Immigration, Jesus, and You

 In Blog, Charles Cavanaugh

(Legals, Illegals, and the Gospel)

Immigrants and immigration is a hot button topic for conservatives in general and Christian conservatives in particular these days. Legality, illegality, and amnesty all come into play. And most of us have some pretty strong opinions and concerns on the matter. For some, it may seem that this melting pot is becoming a bad pot of stew.

Our concern as Christian citizens over the matter of immigration and what is ostensibly the related concern for national security are real and filled with tension. We rightfully expect our elected and constitutionally bound public servants to respect and enforce the laws of this land. Immigration has long been part of the ongoing growth and development of our nation. We are a nation of immigrants from a host of backgrounds. And it has not been unusual for there to be distrust and animosity between those of various national, ethnic, and racial backgrounds. Sadly, professing Christians have at times been at the forefront of bigotry, hatred, and cruelty.

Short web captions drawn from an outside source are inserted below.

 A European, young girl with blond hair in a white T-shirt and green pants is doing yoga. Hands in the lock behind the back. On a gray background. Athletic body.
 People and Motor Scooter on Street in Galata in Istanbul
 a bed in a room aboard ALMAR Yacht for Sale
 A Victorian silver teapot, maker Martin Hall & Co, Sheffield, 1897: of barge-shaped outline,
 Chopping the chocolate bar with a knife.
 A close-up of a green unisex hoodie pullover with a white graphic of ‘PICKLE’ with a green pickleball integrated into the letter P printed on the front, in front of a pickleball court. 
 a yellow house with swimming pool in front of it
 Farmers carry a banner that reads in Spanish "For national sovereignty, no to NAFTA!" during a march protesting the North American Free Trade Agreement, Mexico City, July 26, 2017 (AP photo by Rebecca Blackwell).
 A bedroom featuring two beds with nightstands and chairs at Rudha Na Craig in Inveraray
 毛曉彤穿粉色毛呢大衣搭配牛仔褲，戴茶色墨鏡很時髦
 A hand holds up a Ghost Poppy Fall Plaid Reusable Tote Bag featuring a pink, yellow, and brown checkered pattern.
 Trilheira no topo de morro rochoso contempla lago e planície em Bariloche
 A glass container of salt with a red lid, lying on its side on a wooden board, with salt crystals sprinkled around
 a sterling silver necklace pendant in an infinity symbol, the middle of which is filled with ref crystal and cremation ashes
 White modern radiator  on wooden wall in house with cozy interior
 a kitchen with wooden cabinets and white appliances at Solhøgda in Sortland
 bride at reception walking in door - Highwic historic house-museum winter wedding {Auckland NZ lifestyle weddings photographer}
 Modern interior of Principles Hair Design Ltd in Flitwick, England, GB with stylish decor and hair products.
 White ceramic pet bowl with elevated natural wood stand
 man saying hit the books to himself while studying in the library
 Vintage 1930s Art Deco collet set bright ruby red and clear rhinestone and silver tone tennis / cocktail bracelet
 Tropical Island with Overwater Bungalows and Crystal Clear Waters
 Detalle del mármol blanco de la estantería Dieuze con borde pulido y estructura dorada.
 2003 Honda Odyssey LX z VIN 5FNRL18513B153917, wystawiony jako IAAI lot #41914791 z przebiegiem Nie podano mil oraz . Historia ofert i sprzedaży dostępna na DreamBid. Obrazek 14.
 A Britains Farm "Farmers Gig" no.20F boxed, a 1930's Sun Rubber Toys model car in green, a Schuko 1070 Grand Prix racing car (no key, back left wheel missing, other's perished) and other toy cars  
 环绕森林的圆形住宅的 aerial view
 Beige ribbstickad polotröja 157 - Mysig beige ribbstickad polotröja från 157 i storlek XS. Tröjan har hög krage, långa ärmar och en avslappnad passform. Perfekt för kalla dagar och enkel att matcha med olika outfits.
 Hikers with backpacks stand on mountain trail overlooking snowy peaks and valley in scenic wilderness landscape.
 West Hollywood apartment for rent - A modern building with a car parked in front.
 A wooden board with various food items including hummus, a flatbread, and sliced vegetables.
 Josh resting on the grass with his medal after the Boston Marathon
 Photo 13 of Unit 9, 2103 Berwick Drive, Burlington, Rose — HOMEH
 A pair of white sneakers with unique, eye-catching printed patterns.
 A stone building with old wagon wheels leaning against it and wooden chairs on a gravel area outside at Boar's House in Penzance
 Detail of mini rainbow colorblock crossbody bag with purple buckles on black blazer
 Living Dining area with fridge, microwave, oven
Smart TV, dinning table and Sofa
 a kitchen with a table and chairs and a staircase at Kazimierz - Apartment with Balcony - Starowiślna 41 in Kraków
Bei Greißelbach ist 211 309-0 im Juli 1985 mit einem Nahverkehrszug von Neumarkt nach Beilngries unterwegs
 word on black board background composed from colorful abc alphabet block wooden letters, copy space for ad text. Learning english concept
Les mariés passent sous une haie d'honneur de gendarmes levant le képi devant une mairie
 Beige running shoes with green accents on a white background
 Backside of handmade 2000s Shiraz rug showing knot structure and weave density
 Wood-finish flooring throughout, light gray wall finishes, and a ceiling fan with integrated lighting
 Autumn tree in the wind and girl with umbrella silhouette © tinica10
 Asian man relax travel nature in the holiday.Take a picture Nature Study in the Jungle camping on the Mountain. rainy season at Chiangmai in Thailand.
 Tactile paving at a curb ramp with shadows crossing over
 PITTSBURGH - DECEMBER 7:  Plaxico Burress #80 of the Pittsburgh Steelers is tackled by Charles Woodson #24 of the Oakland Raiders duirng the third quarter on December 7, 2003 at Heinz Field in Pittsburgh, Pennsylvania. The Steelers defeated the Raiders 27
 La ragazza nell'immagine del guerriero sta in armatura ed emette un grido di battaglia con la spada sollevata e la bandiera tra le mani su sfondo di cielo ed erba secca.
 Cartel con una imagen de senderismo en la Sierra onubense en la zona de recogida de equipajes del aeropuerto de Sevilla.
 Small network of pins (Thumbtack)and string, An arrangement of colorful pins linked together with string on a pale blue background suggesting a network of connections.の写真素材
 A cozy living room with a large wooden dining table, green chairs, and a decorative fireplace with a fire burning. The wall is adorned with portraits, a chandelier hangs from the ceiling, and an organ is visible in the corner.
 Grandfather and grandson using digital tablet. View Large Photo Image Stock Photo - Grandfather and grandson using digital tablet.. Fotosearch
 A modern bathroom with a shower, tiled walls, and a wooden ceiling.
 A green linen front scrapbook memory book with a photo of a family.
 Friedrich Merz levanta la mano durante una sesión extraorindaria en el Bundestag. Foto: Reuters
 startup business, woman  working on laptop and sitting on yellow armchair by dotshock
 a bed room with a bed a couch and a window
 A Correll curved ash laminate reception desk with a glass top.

Recent developments have brought out the best and worst in Americans. Understandable resentment and anger exists as immigrants pour unabated over the U.S. border, possibly accompanied by those with plans for something far more insidious and nefarious than economic opportunity. While policy is discussed and debated to no apparent resolution, many witness what they fear is the dissolution of a great nation and a free society.

As Christians whose consciences are bound by something far greater than our Constitution, we struggle with the tensions that accompany our love for our country and our greater eternal love for Christ our Savior. Our love for Christ is necessarily accompanied by a love for the Gospel and a Biblical vision of the nations bowing the knee to Him. While we pray that our leaders will uphold the laws of a free people, we can at the same time gratefully embrace the opportunity of having the nations brought to us. We hold our leaders both responsible and accountable and often regret and disdain the folly of their decisions. But we realize that our God sits in the heavens and does whatever He pleases.

So let us not be distracted or beset by either personal prejudices or disappointment with human leaders. Rather, let us ask our Lord for the grace and wisdom to bring the claims of Christ to bear upon the hearts of all peoples and commit ourselves fully to Him Who judges righteously.